[Dataset items]
************
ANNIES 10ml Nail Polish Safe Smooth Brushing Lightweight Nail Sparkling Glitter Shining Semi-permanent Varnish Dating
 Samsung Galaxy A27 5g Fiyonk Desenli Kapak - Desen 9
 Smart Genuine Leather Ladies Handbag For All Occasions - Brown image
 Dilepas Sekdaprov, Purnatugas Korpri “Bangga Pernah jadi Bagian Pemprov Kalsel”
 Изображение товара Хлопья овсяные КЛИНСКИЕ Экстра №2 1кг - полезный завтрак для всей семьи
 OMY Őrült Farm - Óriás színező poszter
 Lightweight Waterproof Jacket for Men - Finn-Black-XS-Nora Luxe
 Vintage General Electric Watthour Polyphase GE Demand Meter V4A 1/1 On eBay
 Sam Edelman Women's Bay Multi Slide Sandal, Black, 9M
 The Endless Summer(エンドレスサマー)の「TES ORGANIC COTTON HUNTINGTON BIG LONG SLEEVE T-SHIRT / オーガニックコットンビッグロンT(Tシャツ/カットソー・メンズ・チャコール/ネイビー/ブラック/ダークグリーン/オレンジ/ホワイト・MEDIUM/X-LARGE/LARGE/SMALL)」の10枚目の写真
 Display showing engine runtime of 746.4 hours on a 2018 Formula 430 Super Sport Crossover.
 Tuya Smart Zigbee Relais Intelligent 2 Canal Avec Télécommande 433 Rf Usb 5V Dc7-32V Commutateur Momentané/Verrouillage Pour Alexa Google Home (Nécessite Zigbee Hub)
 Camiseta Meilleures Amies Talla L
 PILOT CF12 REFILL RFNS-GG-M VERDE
************
Reading through the records above, report each line in which the string "Lightweight" is found.

### The answer
ANNIES 10ml Nail Polish Safe Smooth Brushing Lightweight Nail Sparkling Glitter Shining Semi-permanent Varnish Dating
 Lightweight Waterproof Jacket for Men - Finn-Black-XS-Nora Luxe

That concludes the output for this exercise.